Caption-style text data

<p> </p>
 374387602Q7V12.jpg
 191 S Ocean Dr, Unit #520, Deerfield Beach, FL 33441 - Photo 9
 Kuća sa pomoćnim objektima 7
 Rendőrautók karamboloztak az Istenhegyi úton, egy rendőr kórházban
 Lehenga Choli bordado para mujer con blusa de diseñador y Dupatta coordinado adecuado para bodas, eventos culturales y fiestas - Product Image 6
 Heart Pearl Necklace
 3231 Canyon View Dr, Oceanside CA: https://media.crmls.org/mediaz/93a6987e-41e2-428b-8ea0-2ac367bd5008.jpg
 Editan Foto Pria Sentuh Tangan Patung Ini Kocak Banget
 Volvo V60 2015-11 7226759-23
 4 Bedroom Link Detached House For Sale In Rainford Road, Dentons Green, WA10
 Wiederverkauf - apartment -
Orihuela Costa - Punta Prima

**ASSIGNMENT**
Your answer must hold the line containing "4 Bedroom Link" and all lines after it in the entries above, exactly, and nothing else.

**EXERCISE ANSWER**
 4 Bedroom Link Detached House For Sale In Rainford Road, Dentons Green, WA10
 Wiederverkauf - apartment -
Orihuela Costa - Punta Prima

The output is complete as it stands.